Testing this broke one container immediately—it needed chown for a log rotation script. I added it back. This is why you test.

What Worked

  • Per-container CPU/memory limits: Stopped runaway processes from affecting other stacks. My scraper now caps at 1 CPU core instead of spiking to 8.
  • Sub-cgroup isolation: Inside multi-process containers, I can now limit the worker separately from the scheduler. The worker gets 50% CPU, the scheduler gets 10%.
  • Seccomp profiles: Reduced the syscall surface area. One container tried to call ptrace during a dependency install—seccomp blocked it, and I caught a suspicious package.

What Didn't Work

Mounting Cgroups Without Root

I tried running containers as a non-root user with cgroup access. Docker's user namespace remapping (--userns-remap) should theoretically allow this, but I couldn't get write permissions to work correctly. The container could read cgroup files but not create sub-cgroups.

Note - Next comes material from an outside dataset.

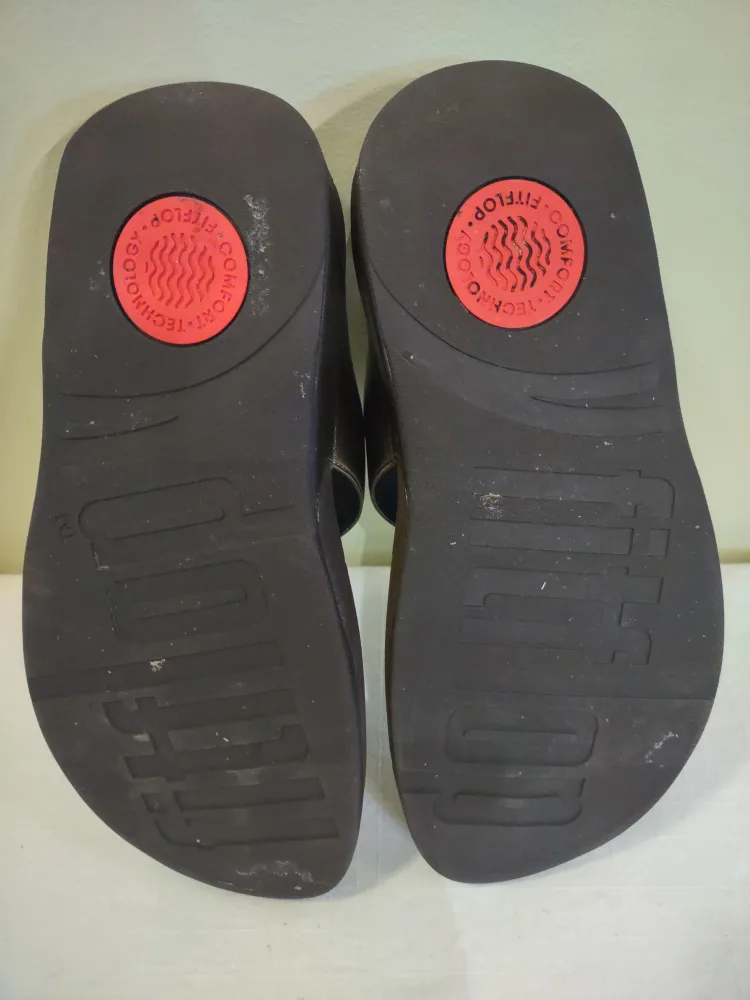 Fitflop A68-012 US 7 Sandals image indicator(7)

I abandoned this for now. My containers run as root, but with seccomp and cgroup limits, the blast radius is smaller.

Cgroups v1 Compatibility

I tested this setup on an older Proxmox host still using cgroups v1. The split hierarchies (/sys/fs/cgroup/cpu, /sys/fs/cgroup/memory) required separate mounts and different control files (cpu.cfs_quota_us instead of cpu.max).

It worked, but the scripts were messy. I migrated that host to v2 instead of maintaining two code paths.

Seccomp Debugging

When a syscall is blocked, Docker logs nothing by default. I had to enable SCMP_ACT_LOG temporarily to see what was failing:

"defaultAction": "SCMP_ACT_LOG"

Then I checked dmesg on the host for blocked calls. This is tedious. I wish Docker had a --seccomp-debug flag.

Key Takeaways

  • Docker's default isolation is decent, but explicit cgroup limits prevent resource exhaustion across containers.
  • Per-process limits inside containers require manual cgroup management. It's not automatic, and it requires root access to /sys/fs/cgroup.
  • Custom seccomp profiles are worth the effort for containers with known workloads. Start with Docker's default, remove what you don't need, and test thoroughly.
  • Cgroups v2 is simpler than v1. If you're still on v1, consider upgrading.
  • FreeBSD's jail model is conceptually cleaner, but Linux cgroups + seccomp can achieve similar isolation if you're willing to configure them.

What I'm Still Testing

I'm experimenting with --security-opt=no-new-privileges to prevent privilege escalation inside containers. So far, it hasn't broken anything, but I'm watching for edge cases.

I'm also considering AppArmor profiles for containers that interact with the host filesystem, but I haven't needed them yet.